Head Over Heels episode 10 opens wounds that were never meant to heal. Some ghosts linger, some ghosts stay, and this chapter understands why. It ends with an act of mercy that costs a life, as the leader of the shamans reaches out to save Yeom-hwa, the apprentice she raised like a daughter, the woman she believed could still be saved. Yeom-hwa remains unchanged. The one who gave her everything dies for her, and the mercy offered is discarded without transformation.
Moments of softness flicker through the grief. Former bullies step in to stop a beating. An awkward ring is delivered to the wrong hands. Fleeting tension and teenage affection soften the edges. But Head Over Heels closes this hour with gravity. Mercy weighs heavier than vengeance when no one chooses to rise with it.
The weight of a name
There’s a moment early in the episode when Seong-ah calls out to Bong-su by name, and for a second, the spirit flickers. It’s no longer a possession. It becomes a conversation, brief and painful, between the boy who once was and the boy who’s still inside. That name becomes an anchor, a weapon, a tether, a plea. And Head Over Heels uses it to shatter the illusion that anything in this haunting is clean or simple.
Bong-su isn’t a monster. He’s a scar. A boy swallowed by guilt, anger, and abandonment, left to rot in a world that never tried to understand him. And now, wearing Gyeon-woo’s face, he lashes out with everything he never got to say. The violence cuts deep, but the sadness underneath reaches further. When he cries, it’s not just the ghost crying. It’s the child who was never held, the soul who was never heard.
What Seong-ah does in that moment comes from grief. She knows she can’t rescue what’s already sinking, but she still calls him back by the name no one else remembers. For a breath, he stops. And Head Over Heels holds on to that silence like a heartbeat.
The worst kind of loyalty
What makes Yeom-hwa unbearable isn’t the evil she commits, but the loyalty she inspires. Even after everything, the head shaman still tries to protect her. Not because Yeom-hwa deserves it, not because she’s changed, but because letting go would mean admitting that all the years of guidance, care, and belief were wasted. That’s the quiet horror pulsing under this episode. A woman who spent her life trying to save someone ends up dying for her, and the one she dies for walks away untouched.

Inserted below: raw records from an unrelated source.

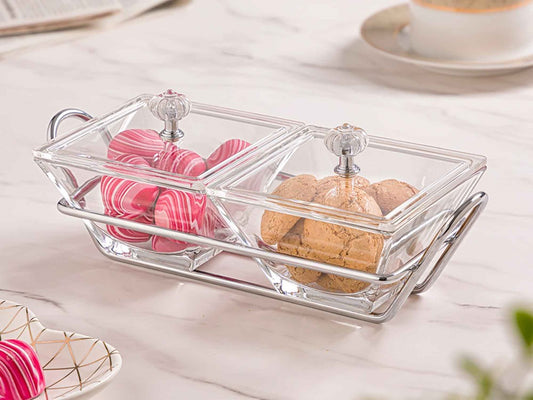 Snack Serving Tray With Acrylic Lid - 2 Section 210600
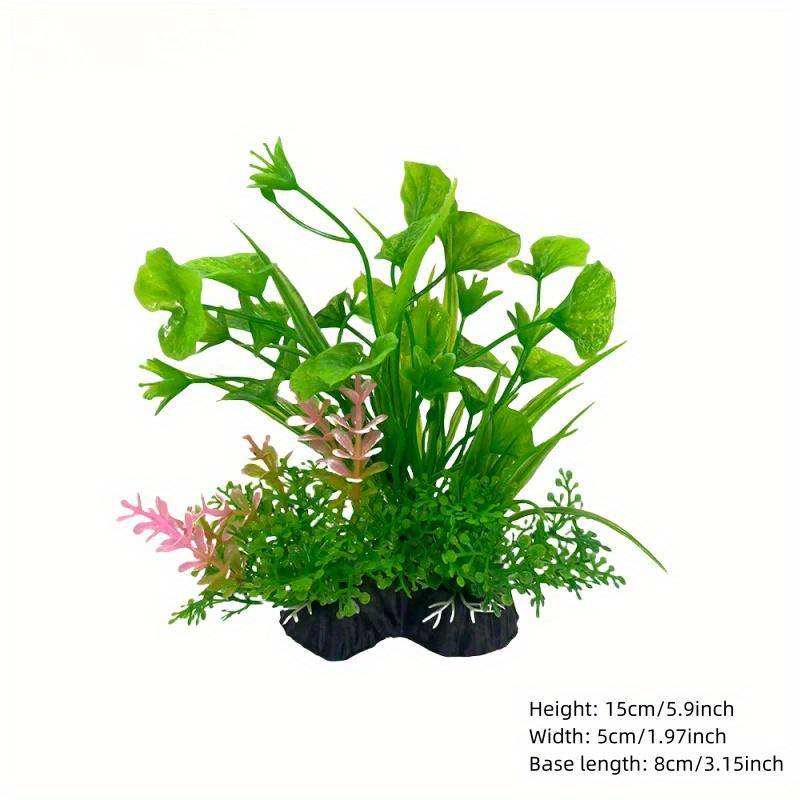 1PC Aquarium Decor Set - Vibrant Green Plastic Plant Ornaments - Fish Tanks, Durable Pvc Material 15cm/5.9inch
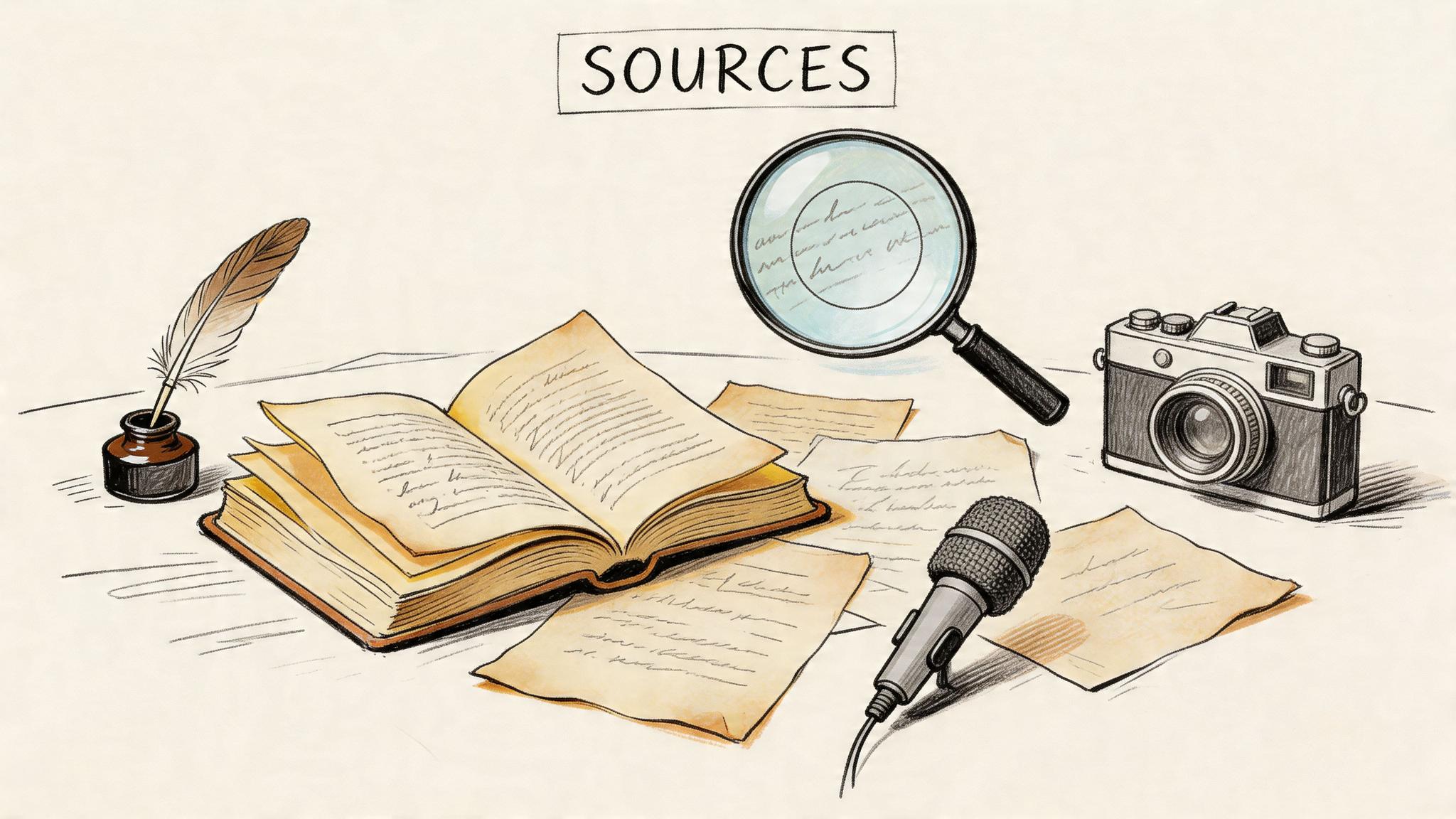 A hand-drawn illustration depicting various research tools including a book, quill, magnifying glass, microphone, and camera.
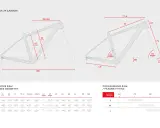 Tabela geometrii ramy rowerowej Peak 29 Carbon, z wymiarami takimi jak ST c-c, REACH, STACK. Rozmiar M ramy 56 cm na jaki wzrost?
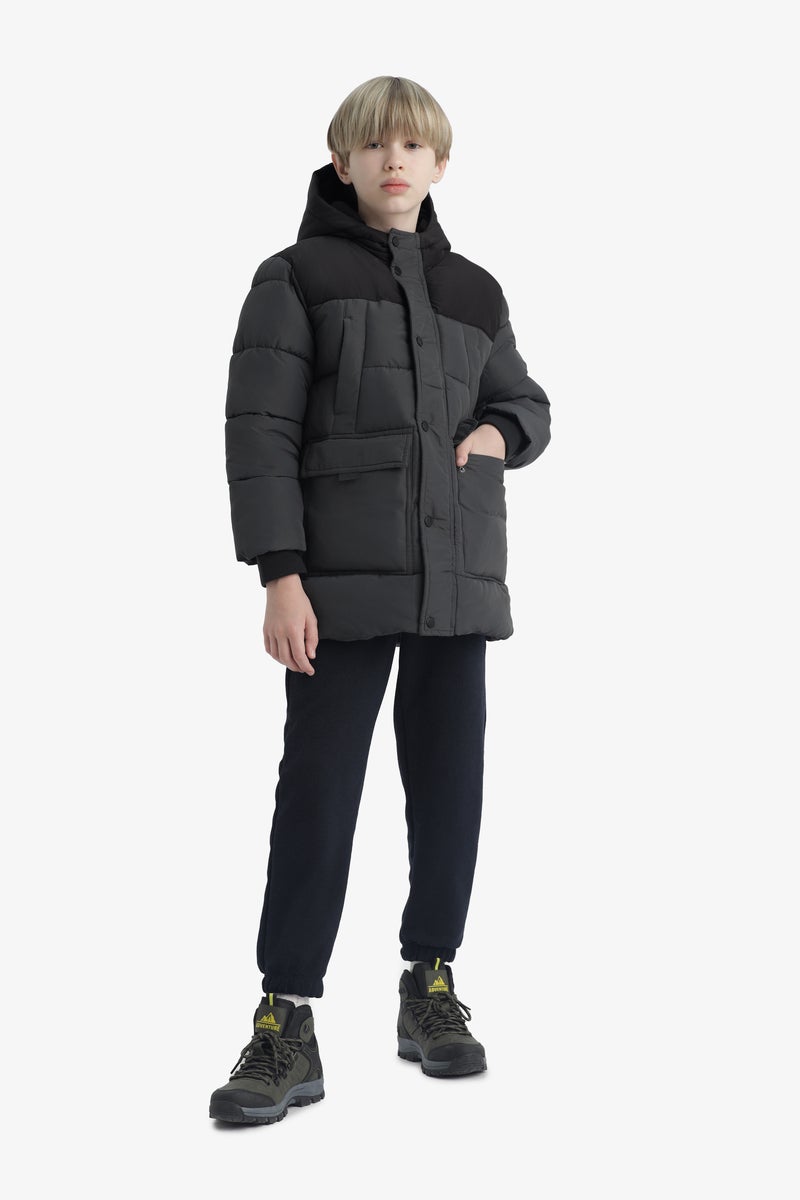 DeFacto Grey Boy Boy Waterproof Hooded Fleece Lined Jacket Casual - Image 1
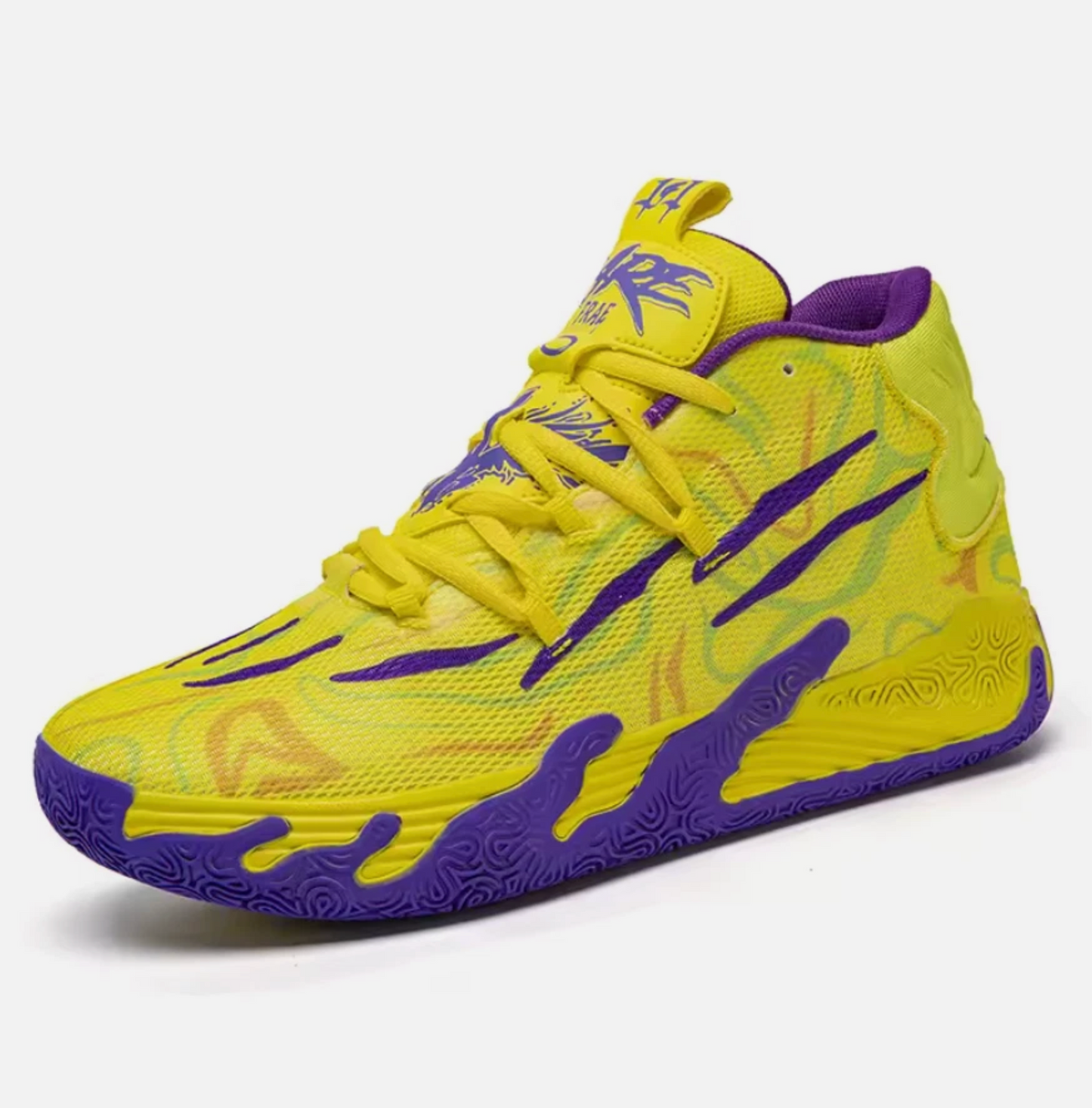 Mens Basketball or Running Shoes Super Grip, Colorful Tropical Style Shoe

Head Over Heels doesn’t paint this as noble. It paints it as devastating. Yeom-hwa isn’t conflicted. She isn’t tortured. She receives a final act of love and uses it as fuel to keep going in the same direction. The betrayal isn’t in what the head shaman does. It’s in what Yeom-hwa chooses after being given one last chance to turn around.
It’s hard to watch because there’s no catharsis. No reckoning. Only the realization that some people aren’t broken. They’re sharp. And when you try to hold them, you bleed.
The foolishness of offerings
The ring scene is unbearable. Not because it’s romantic, not because it’s touching, but because it’s wrong. Watching that boy hand over something so loaded, so symbolic, to Yeom-hwa of all people feels like the narrative equivalent of sticking a flower into a blade. It doesn’t soften anything. It just makes the blade look crueler.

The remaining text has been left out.